Note: really validating a certificate signature generally requires validating the signatures on a chain of certificates, not just one: the certificate in question, the certificate used to sign it, the certificate used to sign that one, and so on, until you reach the self-signed root certificate. The root certificate has to be verified “out of band” because the chain has to end sometime. Again, this uses the same ideas as here, just repeated as often as needed.
The example will reference the latest current draft of the Web Cryptography API, and RFC 5280, the IETF definition of X.509 certificates. The self-signed root certificate we will use is the VeriSign Universal Root Certification Authority certificate, because VeriSign is a major CA that intends to begin using this as the basis of issued certificates and this certificate should be available on almost any PC with a web browser.

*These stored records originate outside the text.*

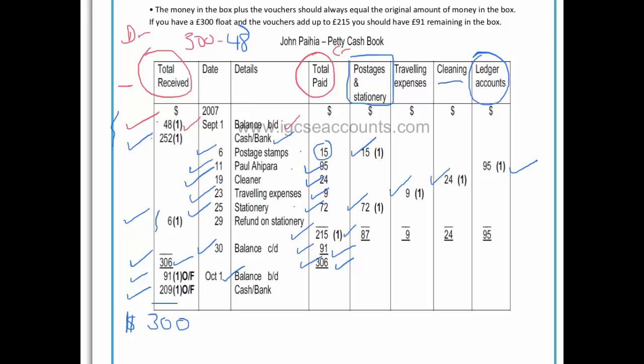The only other thing to add is to remember to total up your various expense columns. For postages and stationery, we add the $15 and $72 to get $87, telling us we spent $87 on postages and stationery — and that total would be posted to the debit side of our expenses account. For traveling expenses, we paid out $9.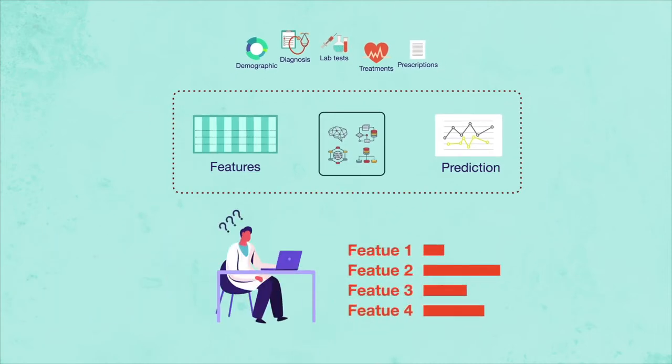However, there is little understanding of how clinicians expect to understand model explanations to support their decision-making.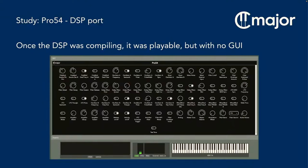When we got rid of all the errors, it ran. There were all the parameters with values — I initialized them with the first patch in the first bank, so Pro 54 playing the keyboard would make the same sound as the initial patch in Pro 53. And it sounded pretty good. I didn't know for certain it was identical, but it seemed to work in the right way.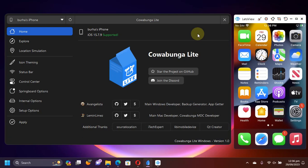Greetings and welcome to a new video. I hope you're all doing well. This video is a detailed guide to Cowabunga Lite Windows GUI version which you can use to customize, tweak and theme your iOS device without a jailbreak starting from iOS 15.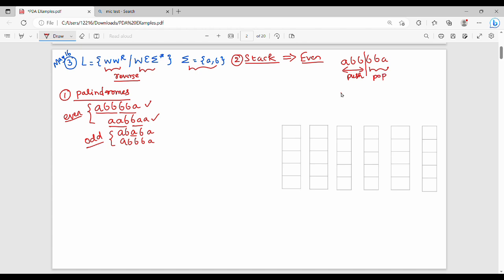The second half is to pop. This is an even-length palindrome. Next, we will see odd length. First, we will see the even-length diagram. Even-length automata: the path is to look at the input. First, we will do an example.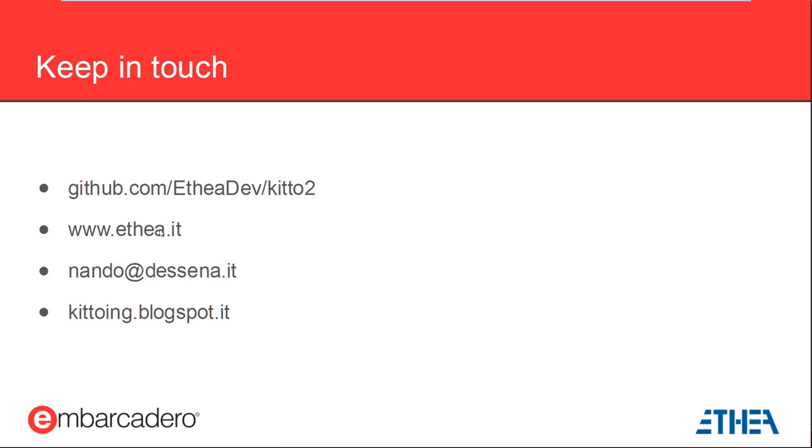All right. Well, like I said, thanks for all you do and thanks everybody for joining us. Thank you for the opportunity. Yep. My pleasure. Take care.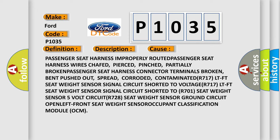R717 LTFT seat weight sensor signal circuit short to voltage, R717 LTFT seat weight sensor signal circuit shorted to R701 seat weight sensor 5 volt circuit, R728 seat weight sensor ground circuit open, left front seat weight sensor, occupant classification module OCM.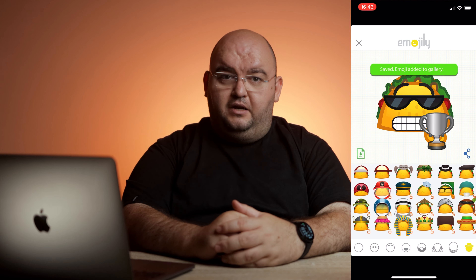When you're ready to use your custom-built emoji, use the app drawer next to the keyboard to select the two-faced Emojily icon. It's there that you'll find the emoji you've made.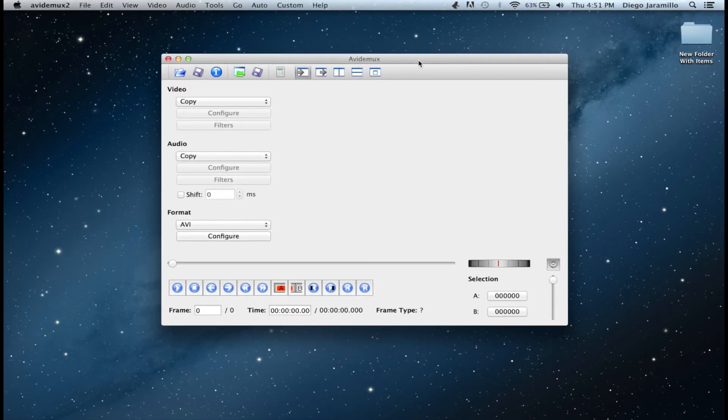So if you want to install it in Snow Leopard, you don't need to delete the two files. But for Mountain Lion and Lion, you need to delete them.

Just in case it isn’t, you can get a copy directly from the CA.
Instead of creating a test web page with sample code, all the examples in this post will be made from the browser’s developer console. Google Chrome 38 was used to write it, but it should work in any browser that supports the Web Cryptography API.
Certificate Formats
If you look at the downloaded certificate in a text editor, you should see text starting with:
-----BEGIN CERTIFICATE-----
MIIEuTCCA6GgAwIBAgIQQBrEZCGzEyEDDrvkEhrFHTANBgkqhkiG9w0BAQsFADCB
and ending with:
7M2CYfE45k+XmCpajQ==
-----END CERTIFICATE-----
This is known as PEM format (for Privacy-enhanced Electronic Mail). PEM files can have one or more cryptographic objects of various types in them, delineated with BEGIN and END lines. In between the lines is a base 64 encoded version of the object in a closer-to-native format. For the CERTIFICATE type, that is a base-64 encoding of the certificate in ASN.1 DER format. The last post went into a lot of detail about this encoding, and included a JavaScript function, berToJavaScript, to convert from that binary format to a JavaScript object.
So the first step is going to be base-64 decoding the certificate into a byte array (Uint8Array) for further processing. Get the base-64 encoded part of the PEM file (the stuff between the BEGIN and END lines) into a JavaScript string encoded. It’s easier if you first put it in a text editor and concatenate it into one line. Then just do a simple variable assignment:
var encoded = "
MIIEuTCCA6 (rest of string here) XmCpajQ==";
Decode that string using the standard window.atob function, and then copy the bytes in the resulting binary string to a byte array:
var decoded = window.atob(encoded);
var der = new Uint8Array(decoded.length);
for (var i=0; i<decoded.length; i++) {
der[i] = decoded.charCodeAt(i);
}
Parsing BER/DER
Next comes the hard part: parsing the encoded object. The last post has a function called berToJavaScript that takes a byte array and returns a JavaScript object describing the BER or DER encoded object at the start of the byte array. Copy and paste that function in the browser’s JavaScript console. It returns a JavaScript object with the following fields:
- cls – the ASN.1 class of the object. An object’s class controls how the tag field (below) is interpreted. Objects of class 0 (Universal class) have standard tags, others depend on the application or context. The possible values are integers 0, 1, 2, or 3.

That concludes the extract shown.